Write out the data below exactly as given, without any of its pictures.

* [Collected material]
═══

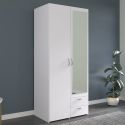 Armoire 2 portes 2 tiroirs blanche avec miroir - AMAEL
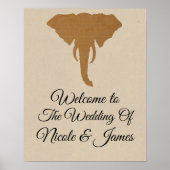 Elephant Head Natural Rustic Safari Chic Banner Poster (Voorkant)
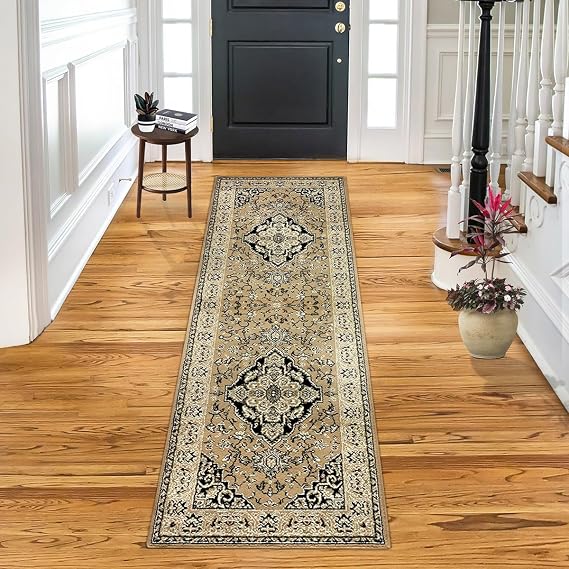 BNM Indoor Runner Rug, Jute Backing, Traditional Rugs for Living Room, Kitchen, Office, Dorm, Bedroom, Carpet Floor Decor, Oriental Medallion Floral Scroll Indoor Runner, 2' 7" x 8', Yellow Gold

═══

* [Your response]
 Armoire 2 portes 2 tiroirs blanche avec miroir - AMAEL
 Elephant Head Natural Rustic Safari Chic Banner Poster (Voorkant)
 BNM Indoor Runner Rug, Jute Backing, Traditional Rugs for Living Room, Kitchen, Office, Dorm, Bedroom, Carpet Floor Decor, Oriental Medallion Floral Scroll Indoor Runner, 2' 7" x 8', Yellow Gold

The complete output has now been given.